▸ **YOUR ASSIGNMENT**
Quote the data exactly, first line to the line containing "Pioneer Avic 8core", with no pictures.

▸ **Records from a data collection**
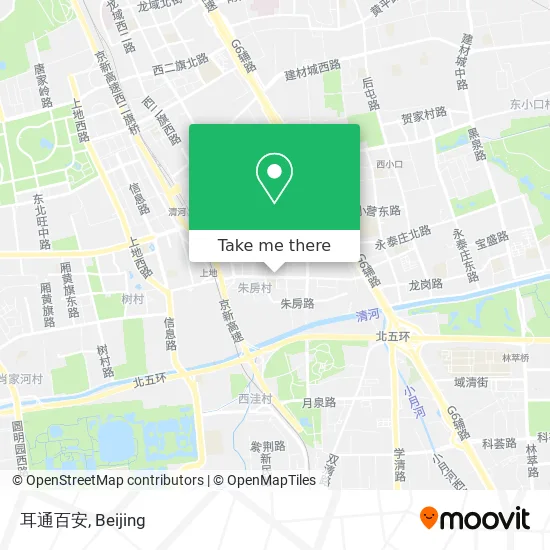 耳通百安 map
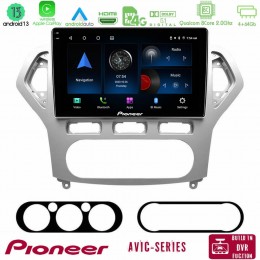 Pioneer Avic 8core Android13 4+64gb Ford Mondeo 2007-2010 Auto a/c Navigation Multimedia Tablet 9 u-p8-Fd0919a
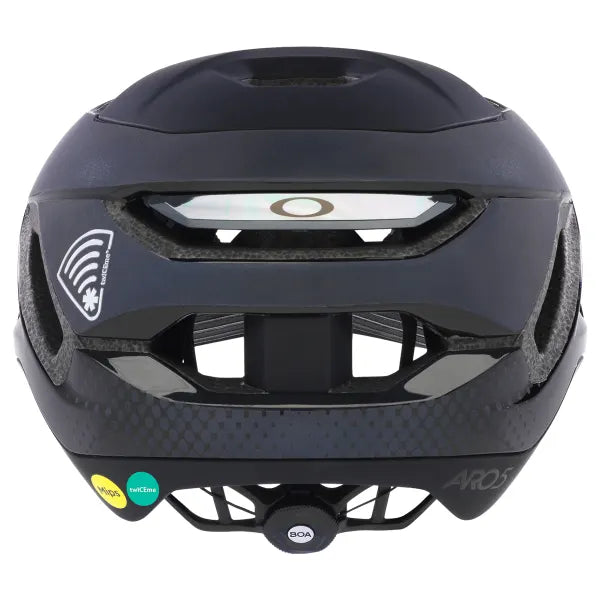 Oakley ARO5 Race I.C.E. Black Reflective Sunglasses - High-Performance Cycling & Running Glasses for Men & Women - Perfect for Outdoor Sports, Training, and Active Lifestyles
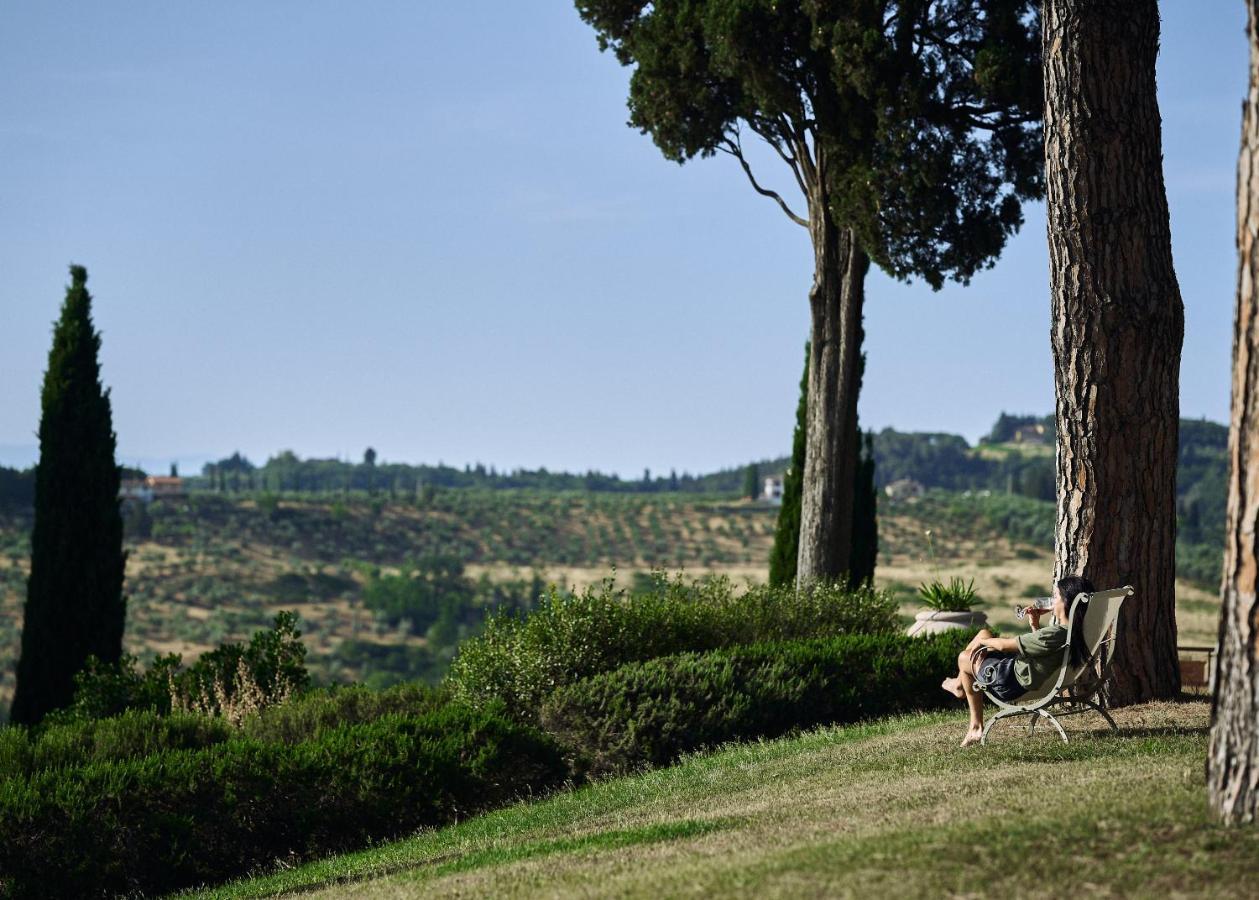 Tenuta Di Sticciano Certaldo Exterior foto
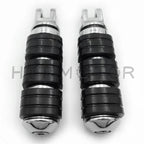 Chrome Aluminum Rubber FootPeg for Harley Breakout FXBR/FXB (2018–2019)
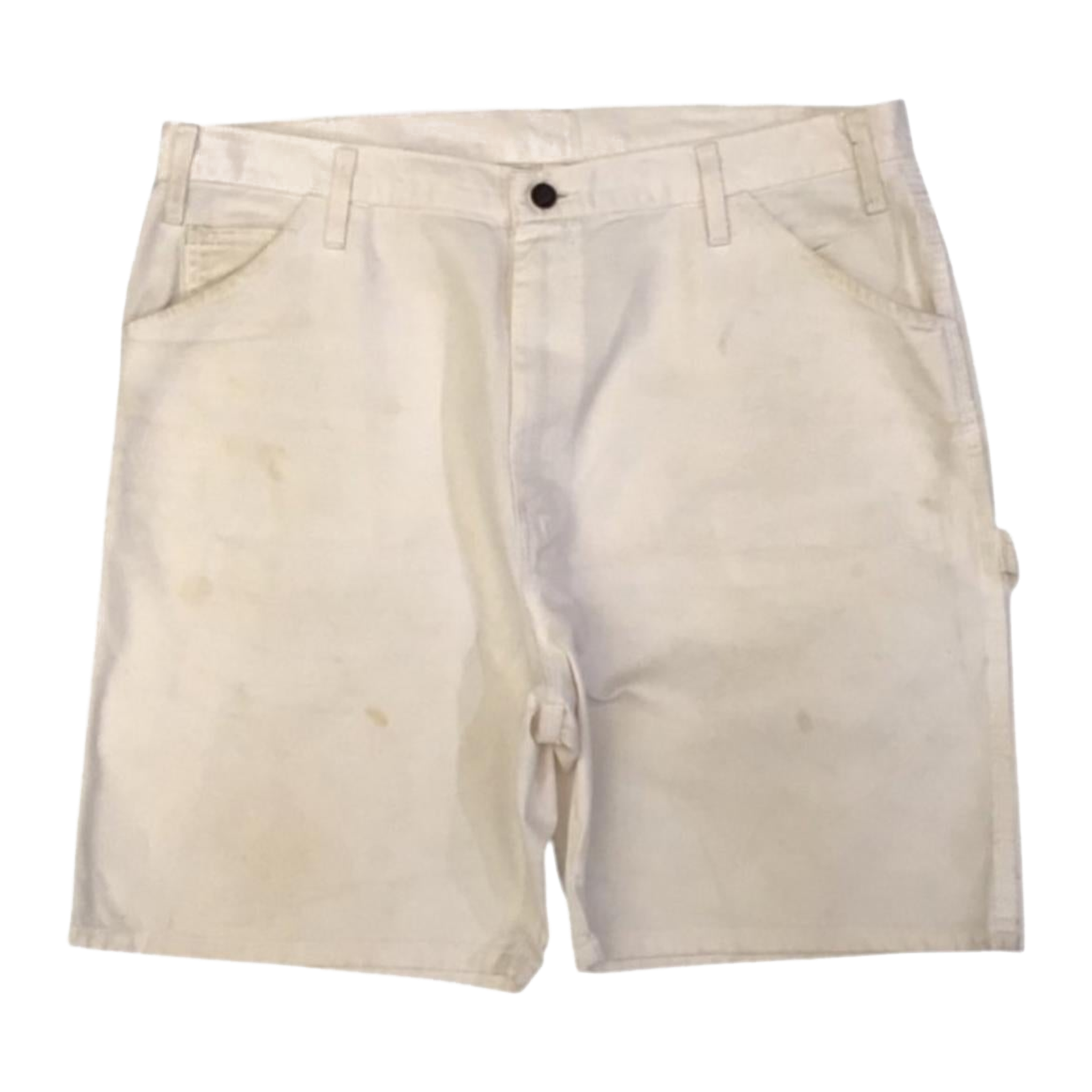 1231 Dickies Workwear Denim Short White W38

▸ **TASK SOLUTION**
 耳通百安 map
 Pioneer Avic 8core Android13 4+64gb Ford Mondeo 2007-2010 Auto a/c Navigation Multimedia Tablet 9 u-p8-Fd0919a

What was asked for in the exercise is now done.